Although EGFR tyrosine kinase inhibitor therapy is associated with high response rates and robust progression-free survival, acquired resistance invariably develops. The T790M-acquired resistance mutation has emerged as the most common mechanism, seen in approximately 50% of patients. This prompted development of new-generation EGFR inhibitors, such as osimertinib (Tagrisso), which inhibit the common EGFR tyrosine kinase inhibitor–sensitizing mutations and the T790M resistance mutation. Osimertinib was specifically studied in patients with T790M-mediated acquired resistance and has demonstrated superiority over chemotherapy. This resulted in U.S. Food and Drug Administration approval of osimertinib in the acquired-resistance setting.
Effective First-Line Therapy
MORE RECENTLY, osimertinib has been studied as initial therapy for patients with EGFR mutation–positive disease. In a cohort of 60 patients treated with osimertinib, response rates of approximately 75% to 80% and a median progression-free survival of approximately 20 months were noted. These highly promising findings have now been confirmed by the FLAURA clinical trial, reported in The New England Journal of Medicine and reviewed in this issue of The ASCO Post.1
The FLAURA study established superiority for osimertinib over standard first-generation tyrosine kinase inhibitors (erlotinib [Tarceva] and gefitinib [Iressa]). The response rate was approximately 80%, and the median progression-free survival was 18.9 months for patients treated with osimertinib. Notably, the tolerability profile was more favorable with the newer agent. The duration of response was also twofold higher for patients treated with osimertinib. Although immature, the overall survival results also suggest a favorable trend for patients treated with osimertinib. Based on all of these findings, osimertinib is now an effective first-line therapy option for patients with EGFR mutation and has already been included in the National Comprehensive Cancer Network® (NCCN) Clinical Practice Guidelines in Oncology (NCCN Guidelines®).

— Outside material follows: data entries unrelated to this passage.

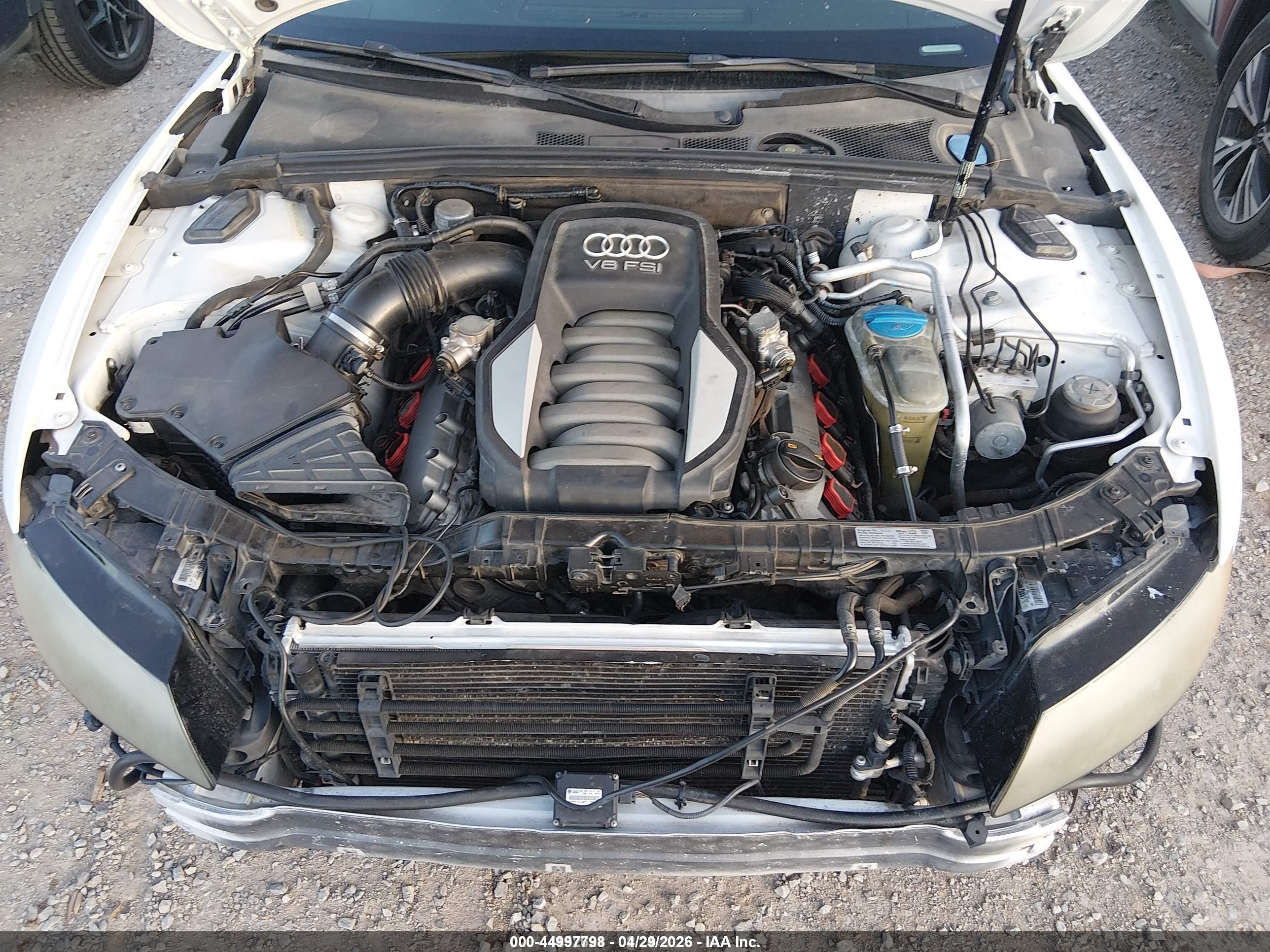 2011 Audi S5 4.2 Premium Plus White vin: WAUCVAFR1BA042360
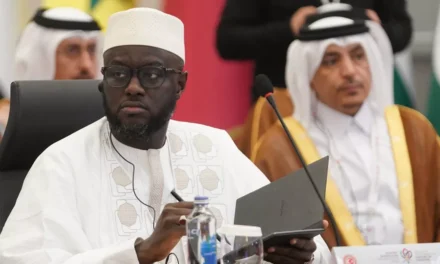 Sénégal : la démission du président de l’Assemblée nationale accentue le choc politique après le départ d’Ousmane Sonko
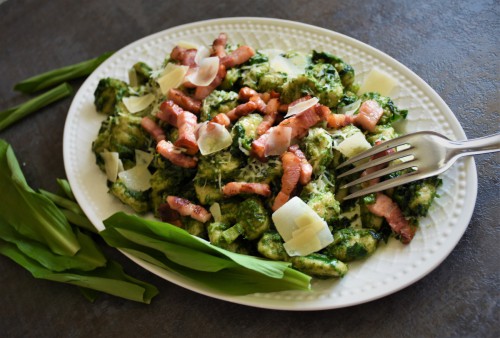 Medvehagymás gnocchi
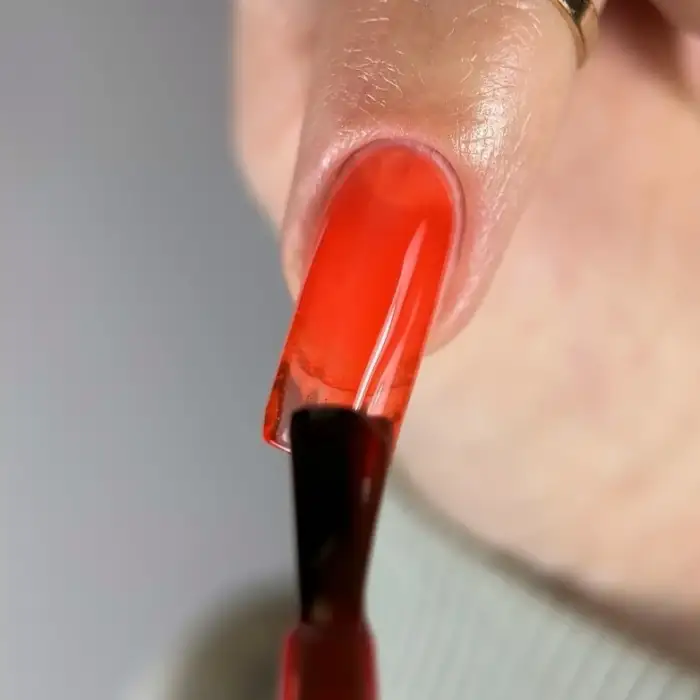 NAILSOFTHEDAY Vitrage Gel Polish 02 – Glasrotes Gel-Nagellack, 10 ml – Bild 3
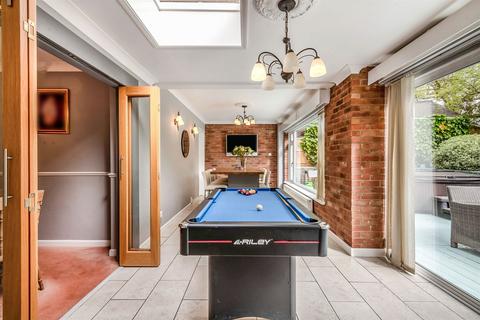 4 bedroom detached house for sale, Broadhurst Road, Norwich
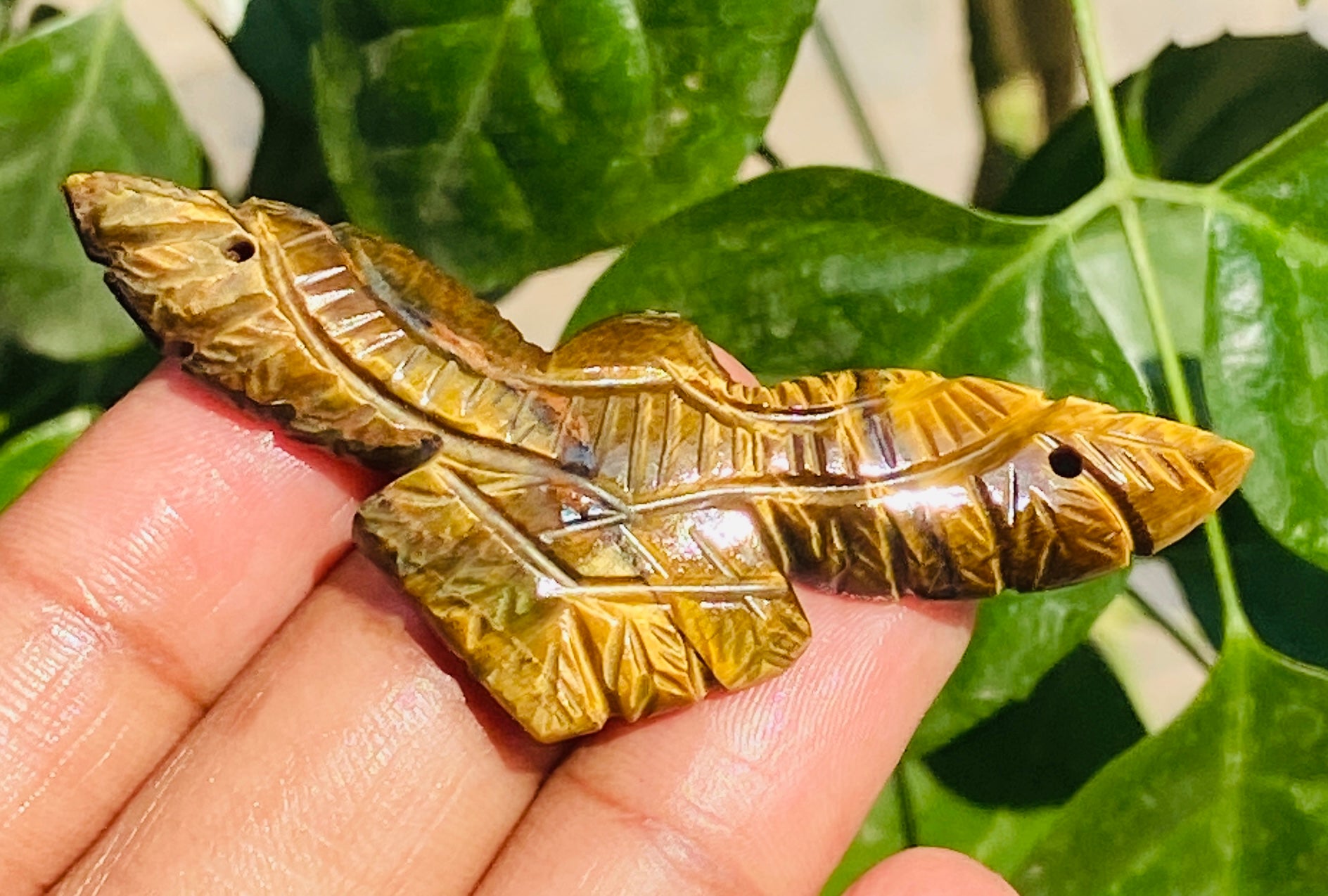 Decent 39.00 Cts Genuine Hand Carved Golden Tiger Eye Premium Crystal Eagle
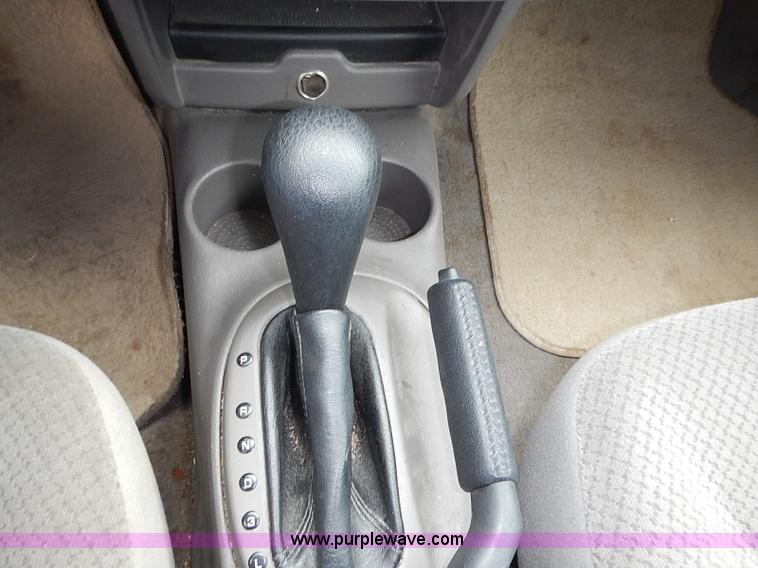 image for item I3635 2004 Dodge Stratus SE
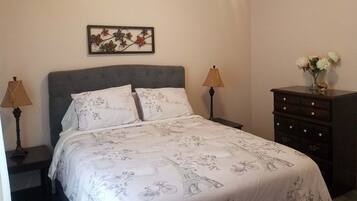 4 bedrooms, desk, iron/ironing board, WiFi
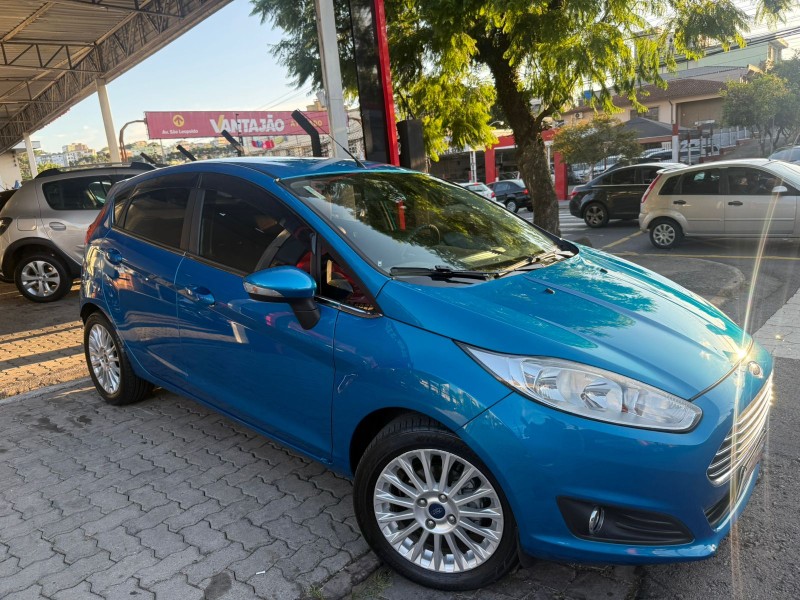 fiesta 1.6 titanium hatch 16v flex 4p automatico 2015 caxias do sul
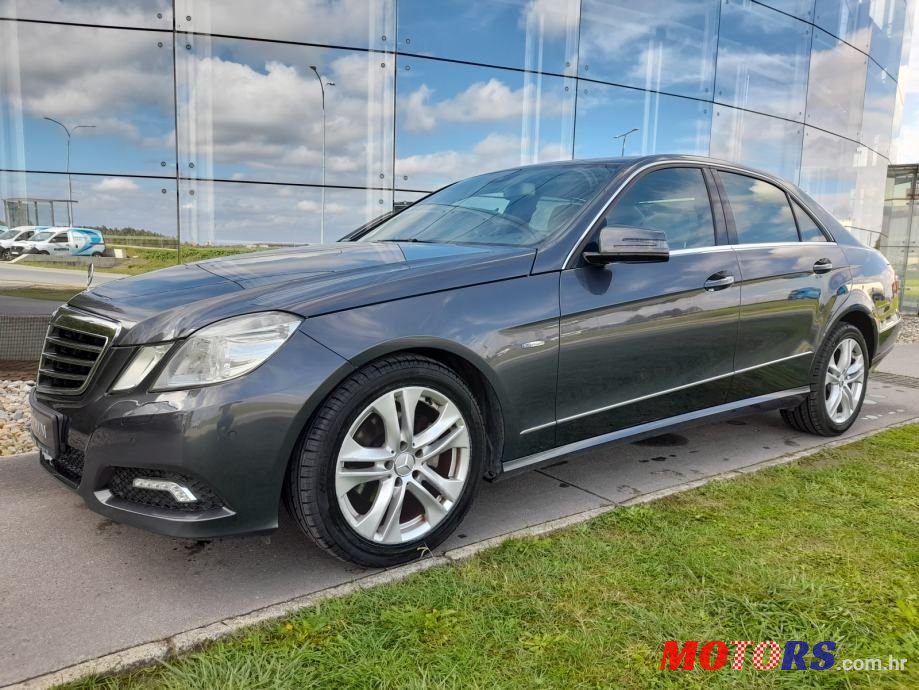 2010' Mercedes-Benz E-Klasa 220 Cdi photo #1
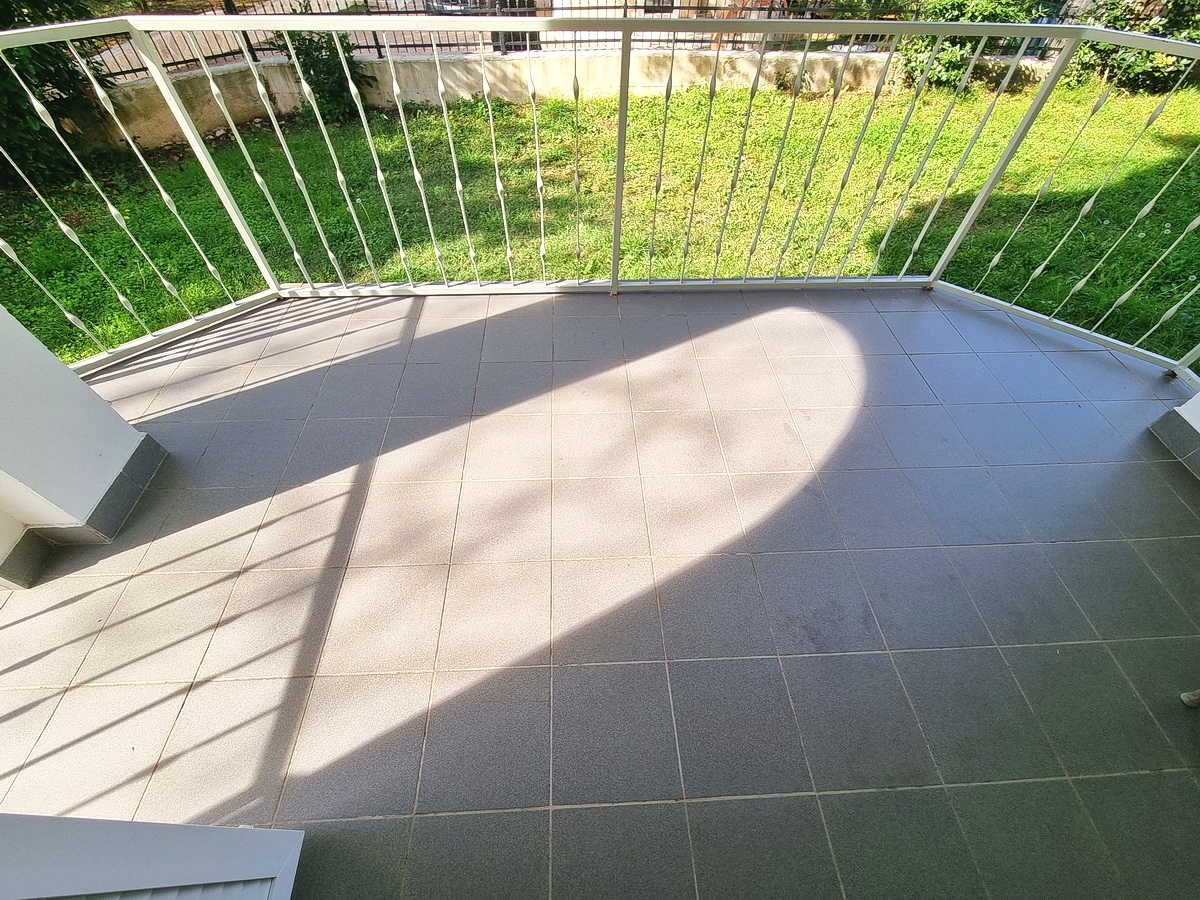 Malinska, casa indipendente con giardino in posizione tranquilla con vista!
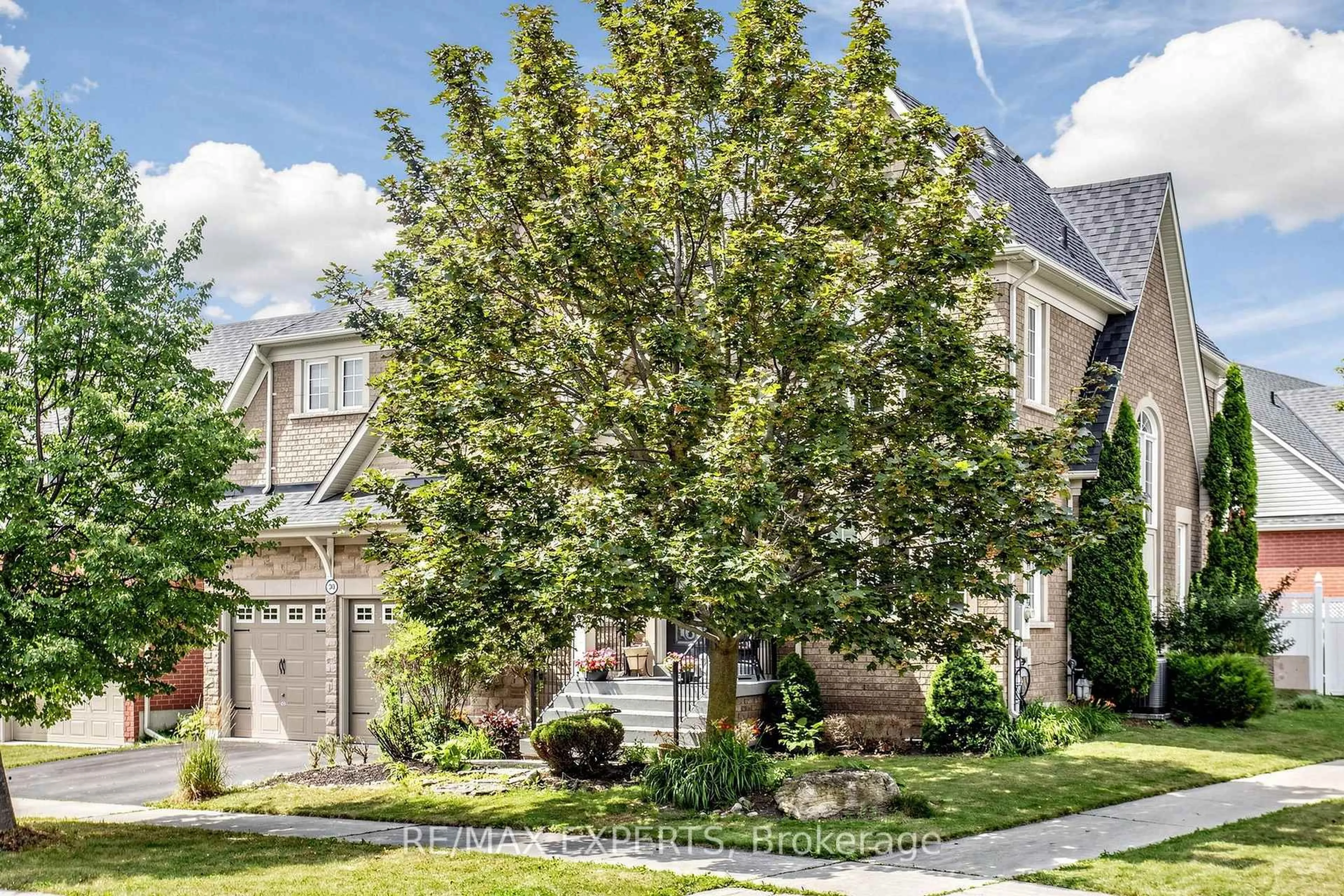 Home with brick exterior material, street for 30 Alhart St, Richmond Hill Ontario L4E 5E8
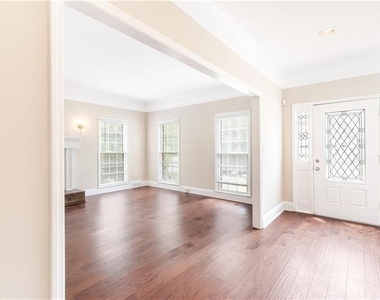 919 Bridgegate Drive Ne - Photo Thumbnail 18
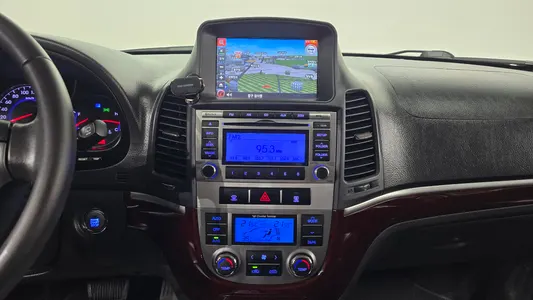 Hyundai CM 2WD(2.0 e-VGT) MLX 2011 15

Next Step: Novel Combinations
MECHANISMS OF resistance to first-line osimertinib therapy are beginning to be understood. It is anticipated that knowledge of the mechanisms of resistance will result in novel combination approaches based on osimertinib as the next step in the management of patients with EGFR mutations.
With the advent of immunotherapy, there is great interest in studying immune checkpoint inhibitors in patients with driver mutations. The results from randomized studies to date suggest that patients with EGFR-activating mutations have relatively low response rates and limited efficacy with immune checkpoint inhibition. For this reason, for patients with an EGFR-activating mutation, it is important to use EGFR tyrosine kinase inhibitors as a standard approach in the front-line setting.
With the results of the FLAURA study, a new standard of care has been introduced for the treatment of EGFR mutation–positive disease. This novel agent provides patients with an effective treatment option that has better central nervous system activity and improved safety over existing agents. ■
DISCLOSURE: Dr. Ramalingam reported no conflicts of interest.
REFERENCE
1. Soria JC, Ohe Y, Vansteenkiste J, et al: Osimertinib in untreated EGFR-mutated advanced non–small-cell lung cancer. N Engl J Med 378:113-125, 2018.